As Maarten correctly points out LCAS as currently defined is not a
signalling protocol, but enables a hitless bandwidth change.
There are couple of documents attached - justification.doc and proposal.doc.
Pls feel free to comment on the justification document and the actual
proposal document. The actual proposal document is a work in progress. The
justification document presents examples of scenarios where "dynamic"
real-time changes of bandwidths may be required and how a lightweight LCAS
may be used to solve it.
regards,
Krishna
-----Original Message-----
From: Dimitri Papadimitriou [mailto:dimitri.papadimitriou@alcatel.be]

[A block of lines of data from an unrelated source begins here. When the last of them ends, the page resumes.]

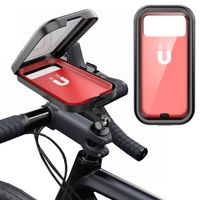 Support de téléphone étanche pour tige de vélo, support de téléphone rotatif pour moto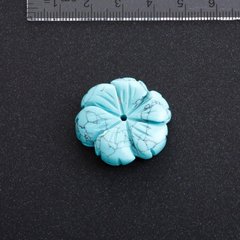 Фурнітура Квітка натуральний камінь d-29мм Бірюза купити біжутерію дешево в інтернеті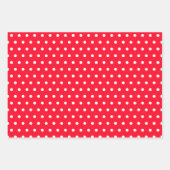 おもしろいと明赤と白るい ラッピングペーパーシート (正面2)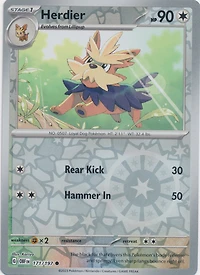 Herdier - 171/197 - Common - Reverse Holo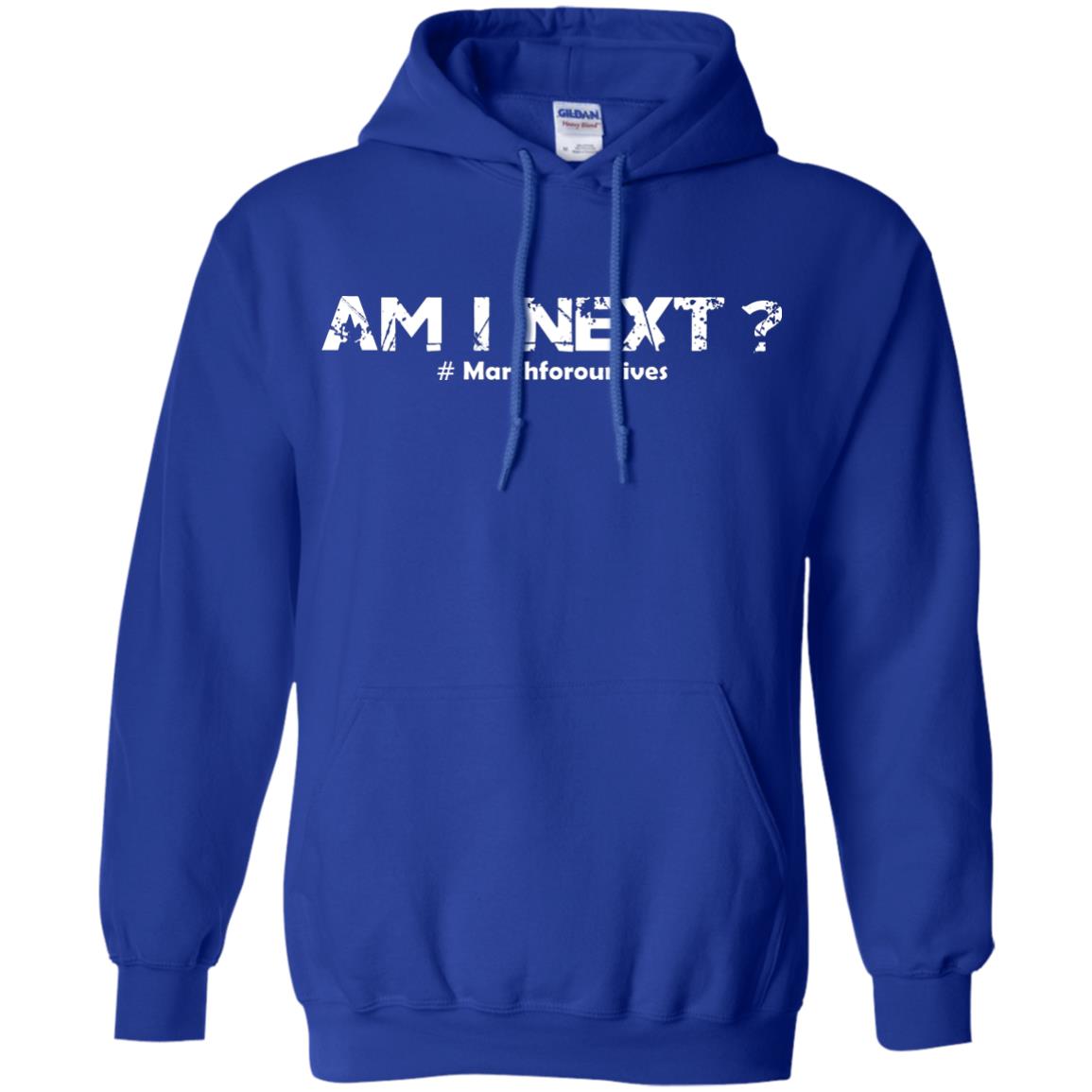 Am I Next Gun Control T-shirt Royal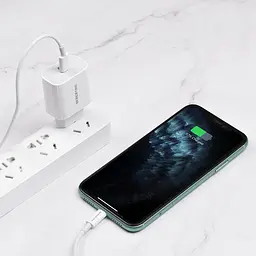 Зарядний пристрій Borofone BA38A Plus Type-C PD 20W білий - мініатюра 2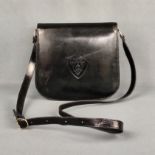 Gucci Handtasche, schwarzes Leder, "Luxury Collection", ca. 19x22cm, Vorderseite mit zwei Beschädig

Sent: Friday, November 16, 2001 10:28 AM
To: Maarten Vissers
Cc: ccamp; q11/15; t1x1.5
Subject: [T1X1.5] Re: LCAS and draft-mannie-ccamp-gmpls-lbm-tdm-00.txt
Maarten,
I think you have reach the main comparison point for this discussion
Let's start with this:
- If you want to achieve hitles adaption you need a real-time protocol
to synchronize both ends in some way (supporting the for instance LCAS)

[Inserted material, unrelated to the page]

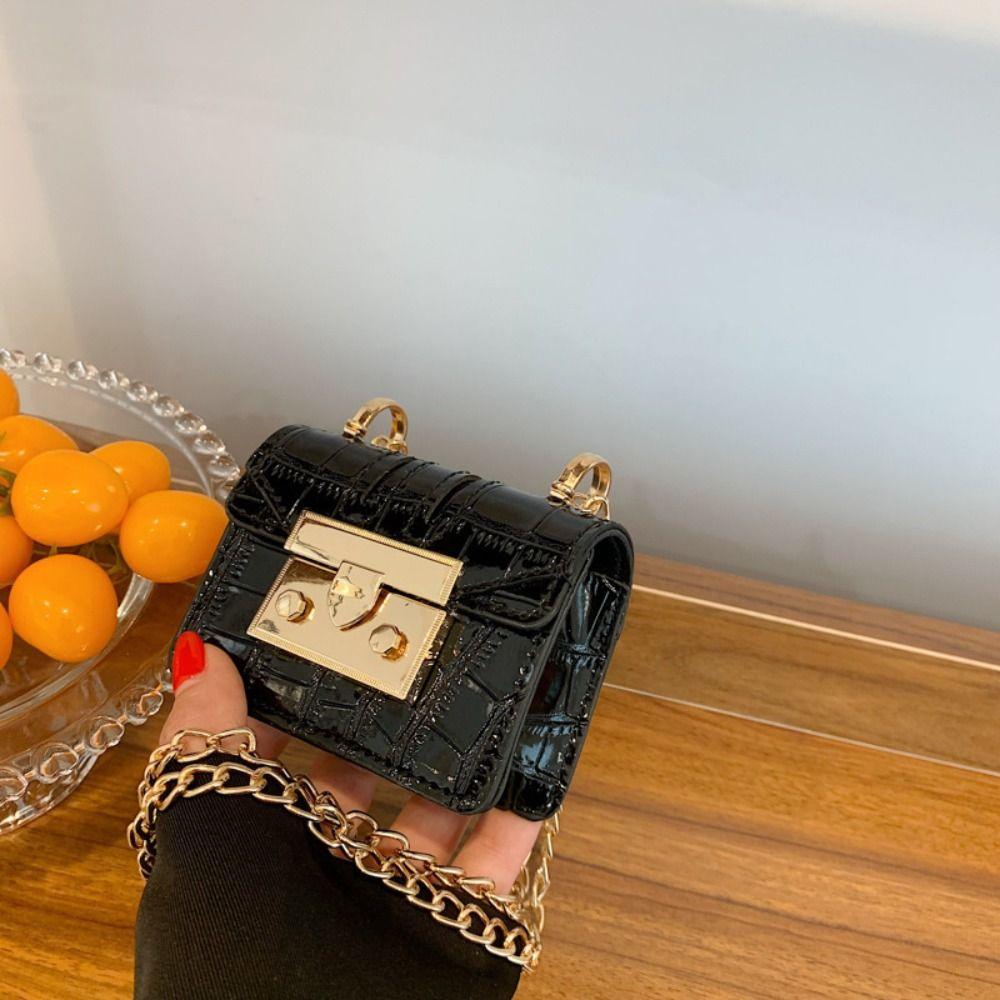 Geantă de umăr cu lanț, geantă crossbody din PU, geantă tote 2024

this is a synchronous approach
- If you just want to add more capacity and you don't focus on a
'glitch'
perhaps very few millisecs when putting the capacity in use you can do
it in
a non-real time manner like with GMPLS - this is an asynchronous
approach
The major difference between both procedures is that GMPLS gives an
answer
how to allocate capacity across the network while LCAS relies on the
fact
that it is already available i.e. "provisioned" (see LCAS specification)

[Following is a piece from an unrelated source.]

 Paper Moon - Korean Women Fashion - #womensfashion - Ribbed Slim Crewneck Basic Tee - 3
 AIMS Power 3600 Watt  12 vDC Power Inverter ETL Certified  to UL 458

for use and just has to be 'lit'.
Hope this will help the reader to undertstand that both methods have a
specific applicability scope, the GMPLS one is more adapted for dynamic
environments that do not use "provisioning" of the resources ... a real
bandwidth on demand service. I think this is what we have addressed
with this. And from what i understood this is what carriers are looking
for (since the bandwdith service is non-disruptive - if it can
accomodate
a very few ms -, flexible and doesn't require any pre-provisioning).
The second (LCAS) is adapted for services that could be sensitive, but
the price to pay is to provision the "resources". This is a static
approach of the problem. I think that both have a specific scope.
Regards,
- dimitri.
Maarten Vissers wrote:
>
> Eric, Dimitri,
>
> I quickly scanned through your draft-mannie-ccamp-gmpls-lbm-tdm-00.txt.
Doing so
> I got the impression that you completely misunderstand the purpose of
LCAS. LCAS
> is NOT a signalling protocol. It is totally unrelated as such to control
plane
> based connection management (GMPLS, ASON) or network management based
connection
> management.
>
> LCAS doesn't change the number of VC-n or ODUk trails in the network. If N
> trails are set up between the A-end and Z-end, LCAS helps to hitless
change the
> number of trails being used for the actual transport of the client signal;
i.e.
> if X (X<N) trails are being used, and the operator/user wants to increase
this
> number to X+1 or shrink it to X-1, then LCAS coordinates the steps at the
A-end
> and Z-end to make sure the increase/reduction is performed hitless.
>
> The steps to perform for the case X=N are:
> A) X ==> X+1
> 1) [Operator or User] request connection management [NMS or ASON/GMPLS]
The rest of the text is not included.